Example: There was one hand where I turned 84 into a bluff on AJ2Q4, and it check-raised me with 85o!
- Board Coverage. Nate and I talked a bit about this on stream. This is something you see when working with solvers as well, and is probably related to (2). There are subtle things that DeepStack seems to do when making what might seem like arbitrary choices about candidates for floating or bluffing on early streets. The end result is a less predictable range on future streets.
For instance, I know that I want to have some Kx in my three-betting range when deep, and I typically choose some combination of KTs – KAs for this purpose. DeepStack almost certainly does a better job of getting the exact frequency right, but even we miraculously had the same amount of Kx in our three-betting ranges, it probably builds its range by three-betting all combinations of Kxs at relatively low frequencies. This means it ends up connecting with boards like Q74 in three-bet pots in ways that I don’t. Likewise its candidates for peeling or bluff-raising flop can seem surprising when the truth is that the choice is arbitrary in a vacuum but there is incentive to reach turns and rivers with a wider variety of holdings than most humans do. Consequently, it’s harder (though still not impossible) to recognize a particular run out as good or bad for DeepStack based on its play on earlier streets.

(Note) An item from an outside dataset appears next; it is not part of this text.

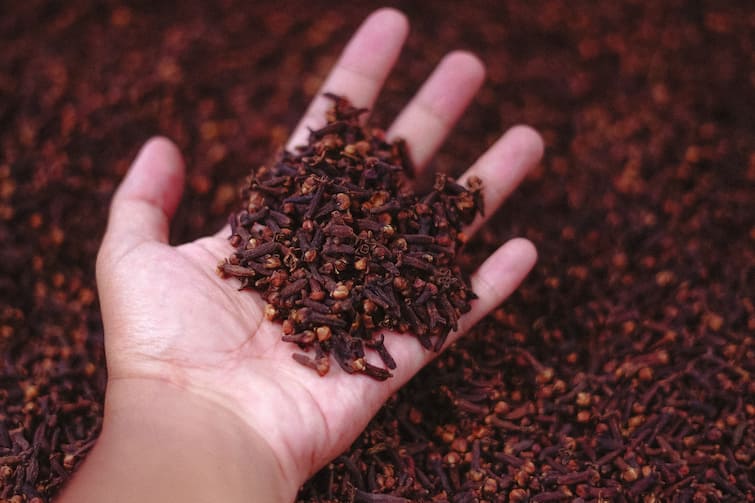 hair-care-tips-surprising-benefits-of-clove-for-your hair know in details Indian Spices: চুলের একাধিক সমস্যা দূর করে লবঙ্গ, কী কী উপকারে লাগে? দেখে নিন একনজরে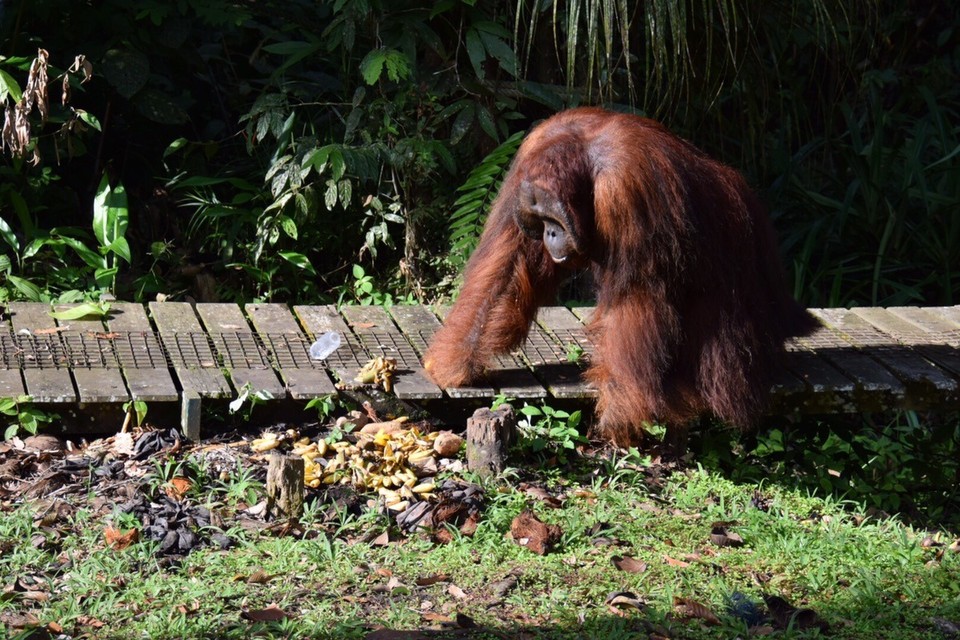 Malaysia - Kuching - Nummer 3 in der Rangfolge, sie werden bis zu 120 kg schwer.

- Surprising Play. DeepStack did more than a few things that surprised us. For the most part, we were willing to believe that it “knew” better and could, after the fact, wrap our heads around why it may have done what it did. But it made one play against me that I have a really hard time believing could possibly be correct.
At 200/400, I opened to 1200 with QTo, and DeepStack jammed 18,250 effective with 85o. When we’re talking about move all in pre-flop, board coverage isn’t going to be a consideration, and although shoving ranges won’t be strictly linear because there will exist hands where calling > shoving > folding, it’s hard to imagine how folding could ever be correct if shoving 85o is +EV here.
It’s worth adding here that one feature of an equilibrium strategy is that it will not include “advertising” or “balancing” plays, even at a low-frequency, that have a negative expected value. Now admittedly, DeepStack does not claim to have an equilibrium strategy, but the point is that shoving, even at a low frequency, can’t be justified simply by saying it’s a balancing play. It would have to have EV not less than 0 for shoving to be correct at any non-zero frequency.